220 mumble.test.com -- Server ESMTP (iPlanet Messaging Server 5.2 HotFix 2.14 (built Aug 8 2006))
helo test.com
250 mumble.test.com OK, gyruss.test.COM [1.2.3.5].
mail from: adfa@adfad.com
250 2.5.0 Address Ok.
rcpt to:cuiyuming@partner.aaaa.com
550 5.7.1 You_Are_Not_allowed: cuiyuming@partner.aaaa.com
The log you supplied seemed fine - the channels and addresses are correct and should have triggered the mapping rule. All I can suggest is that you try a later hotfix (iMS5.2 patch 2) in your test environment to see if you still have the issue and if you do then log a support call. The patch you are running is over 2 years old so chances are if there was a bug it has been fixed.
Regards,
Shane.
# 6
hi,shane,
the problem was solved partially!
i have do as so in SEND_ACCESS section:
tcp_local|*|tcp_intranet|@mstore.partner.huawei.com:cuiyuming@partner.huawei.co m $N$D30|You_Are_Not_allowed
my server have three layers: mta--trend--mstore
that mailbox is on the third layer!
it seems that we must set the rcpt address rewrited...

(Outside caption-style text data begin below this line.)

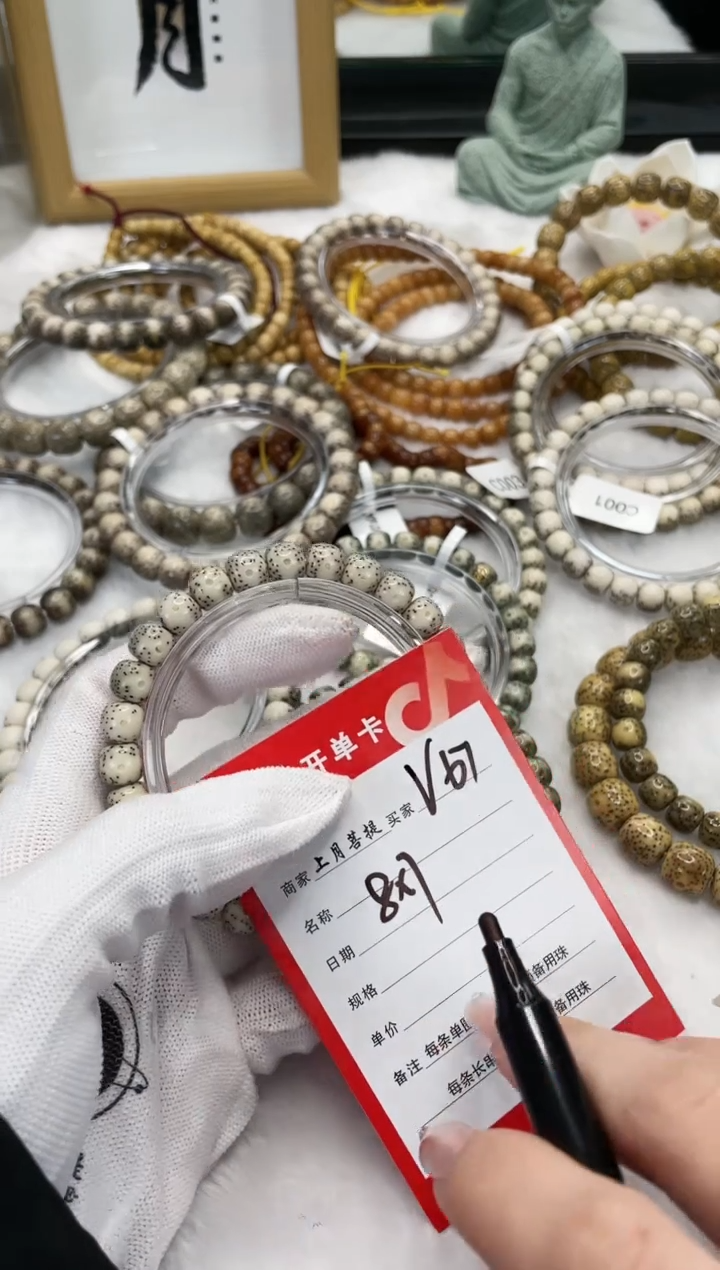 【闪购商品】星月菩提手串V67海南星月菩提单圈手串8X7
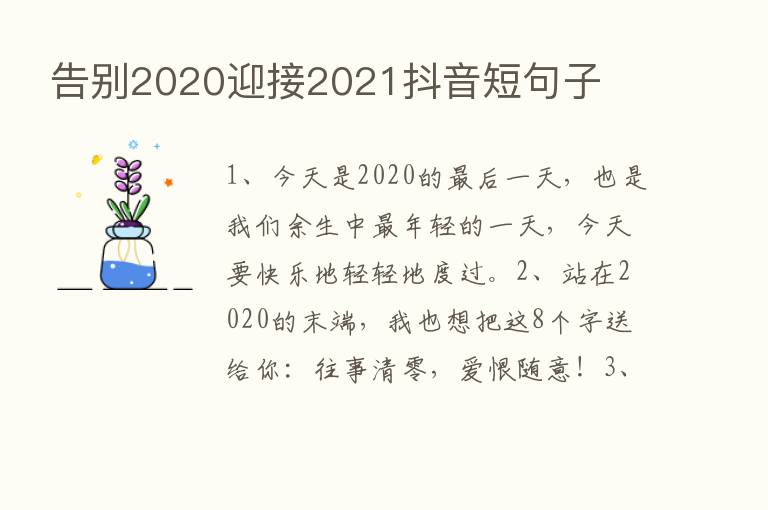 告别2020迎接2021抖音短句子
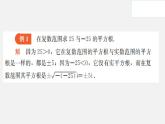 9.3实系数一元二次方程(课件)-高一数学下册同步备课系列(沪教版2020必修第二册)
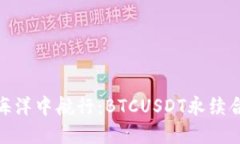在数字货币的海洋中航行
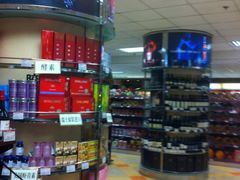 -燕莎友谊商城(亮马桥店)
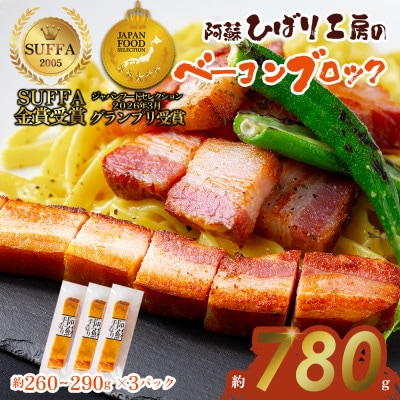 suffa金賞受賞 ひばり工房 ベーコンブロック 合計3パックセット 冷凍保存可能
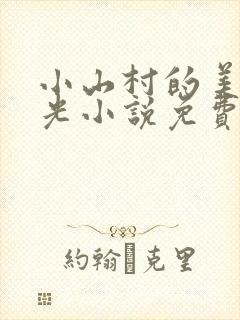 小山村的美好时光小说免费阅读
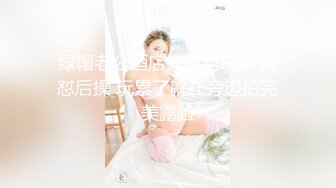 全网极品女神身材高挑丝袜大长腿边和炮友啪啪边和老公电话~看着就能撸一夜太美了内射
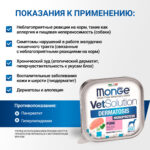 Изображение товара Диетический корм Monge VetSolution Dog Dermatosis Дерматозис для собак при заболеваниях кожи 150 г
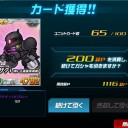 9月27日の日記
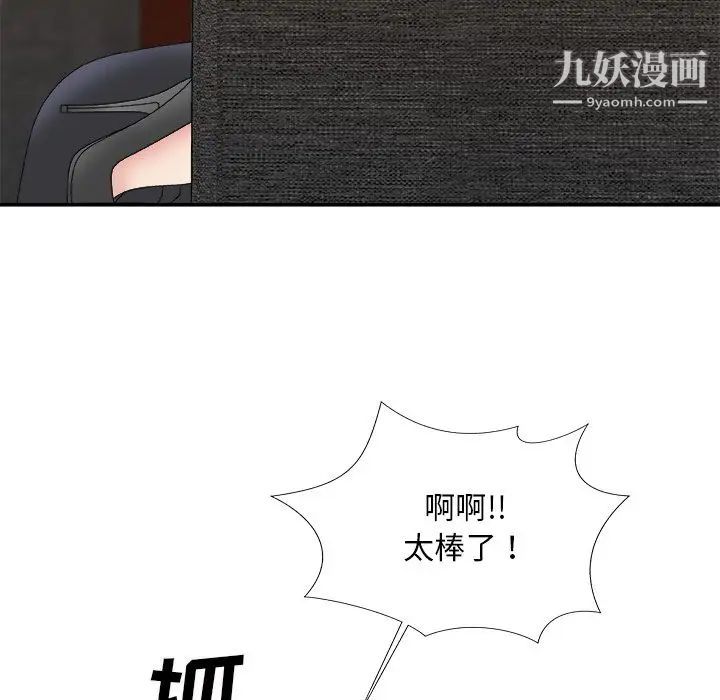 主播小姐第56话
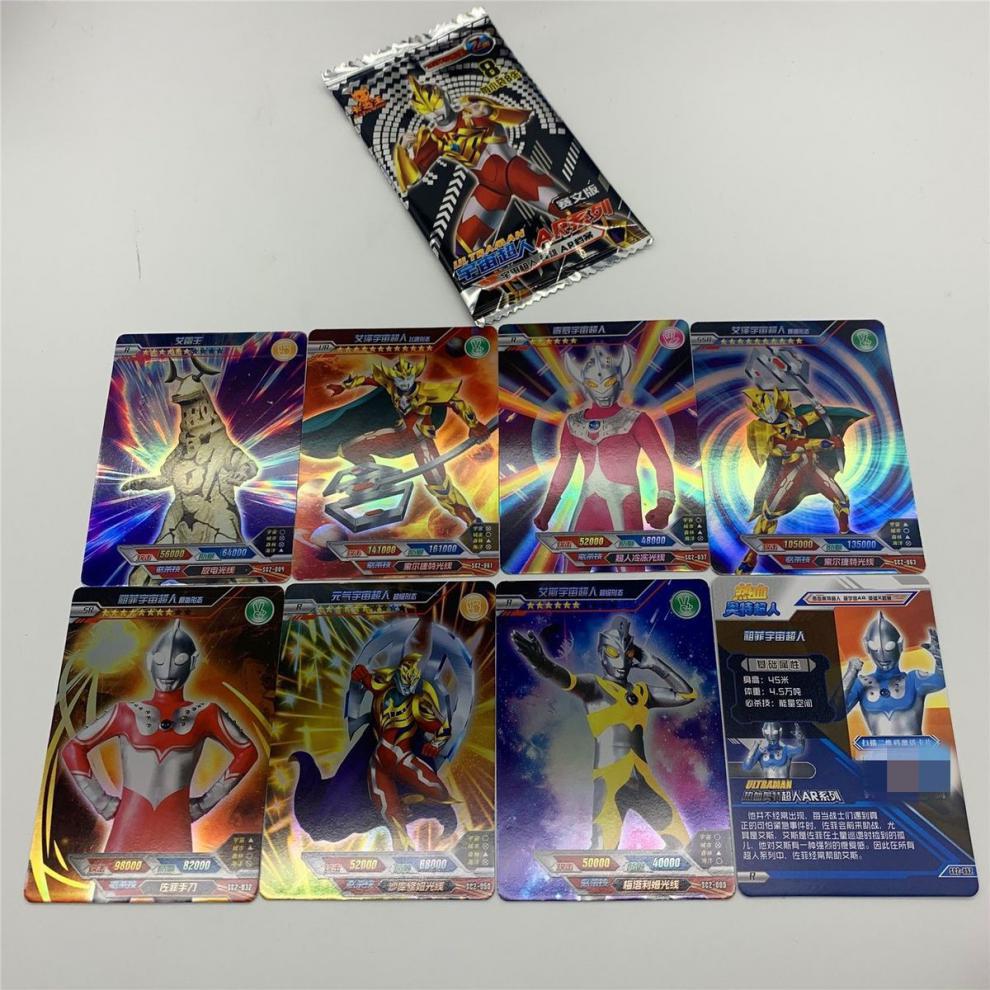 万代bandai奥特曼卡片可扫手机对战ar卡牌金闪卡满星卡收藏册豪华版10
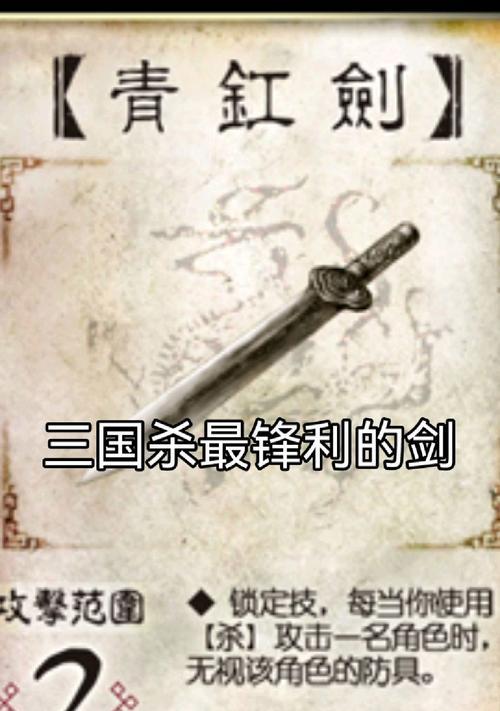 三国杀武器升星方法有哪些？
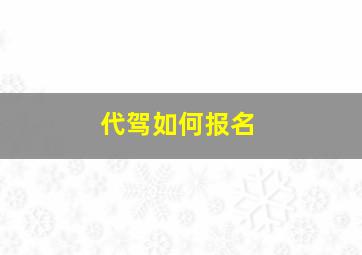 代驾如何报名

i download the patch 2,i will test it!
thanks a lot!
# 7
If your relay system allows tcp_local to tcp_local,then something in your configuration is terribly flawed.
Your internal systems should be on tcp_intranet, not tcp_local.
THe name may be confusing, but . .
tcp_local is for EXTERNAL addresses, such as the internet in general
tcp_intranet is for INTERNAL addresses. Yours.